2-) 6098 sayılı Türk Borçlar Kanunu'nun 345. maddesi gereğince; kira bedelinin belirlenmesine ilişkin dava her zaman açılabilir. Ancak, bu dava, yeni dönemin başlangıcından en geç otuz gün önceki bir tarihte açıldığı ya da kiraya veren tarafından bu süre içinde kira bedelinin artırılacağına ilişkin olarak kiracıya yazılı bildirimde bulunulmuş olması koşuluyla, izleyen yeni kira dönemi sonuna kadar açıldığı takdirde, mahkemece belirlenecek kira bedeli, bu yeni kira döneminin başlangıcından itibaren kiracıyı bağlar.

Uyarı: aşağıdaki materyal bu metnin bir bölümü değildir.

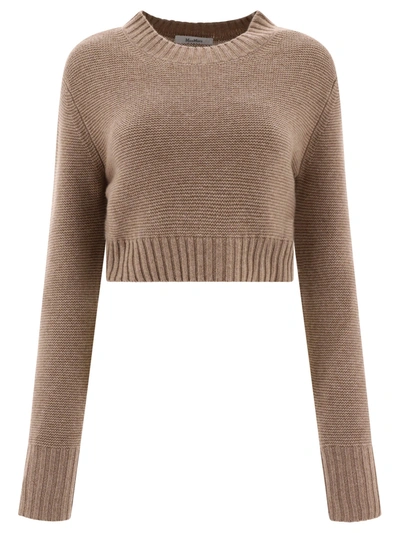 Max Mara Cashmere Kaya Cropped Sweater In Beige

Sözleşmede yeni kira döneminde kira bedelinin artırılacağına ilişkin bir hüküm varsa, yeni kira döneminin sonuna kadar açılacak davada mahkemece belirlenecek kira bedeli de bu yeni dönemin başlangıcından itibaren geçerli olur.
YARGITAY
3. HUKUK DAİRESİ
Esas Numarası: 2017/6552
Karar Numarası: 2019/2619
Karar Tarihi: 27.03.2019
Taraflar arasındaki kira bedelinin tespiti davasının mahkemece yapılan yargılaması sonucunda, davanın reddine yönelik olarak verilen hükmün, süresi içinde davacılar tarafından temyiz edilmesi üzerine; temyiz dilekçesinin kabulüne karar verildikten sonra, dosya içerisindeki kağıtlar okunup gereği düşünüldü:
Davacılar, 1/4' er hisse ile malik oldukları taşınmazda, davalının, dava dışı muris ... ile aralarındaki sözlü akde göre aylık 3.300.-TL bedelle kiracı olarak oturduğunu, kira başlangıç tarihi olan 2013 yılı Kasım ayından muris ...'in vefat tarihi olan 2014 yılı Temmuz ayına kadar kira parasının adı geçene ödendiğini, bu tarihten sonra davalıdan kira sözleşmesine ilişkin bilgiler istendiği halde davalı tarafından sahte bir kontrat düzenlenerek ibraz edildiğini, davalı ile aralarında yazılı bir sözleşme bulunmadığını, hisselerine karşılık ödenen aylık 450.-TL kira bedelinin emsallere göre çok düşük kaldığını belirterek aylık kira bedelinin dava tarihi itibariyle ya da mahkeme aksi kanaatte ise karar tarihi itibariyle aylık 4.000.-TL olarak tespitine karar verilmesini istemişlerdir.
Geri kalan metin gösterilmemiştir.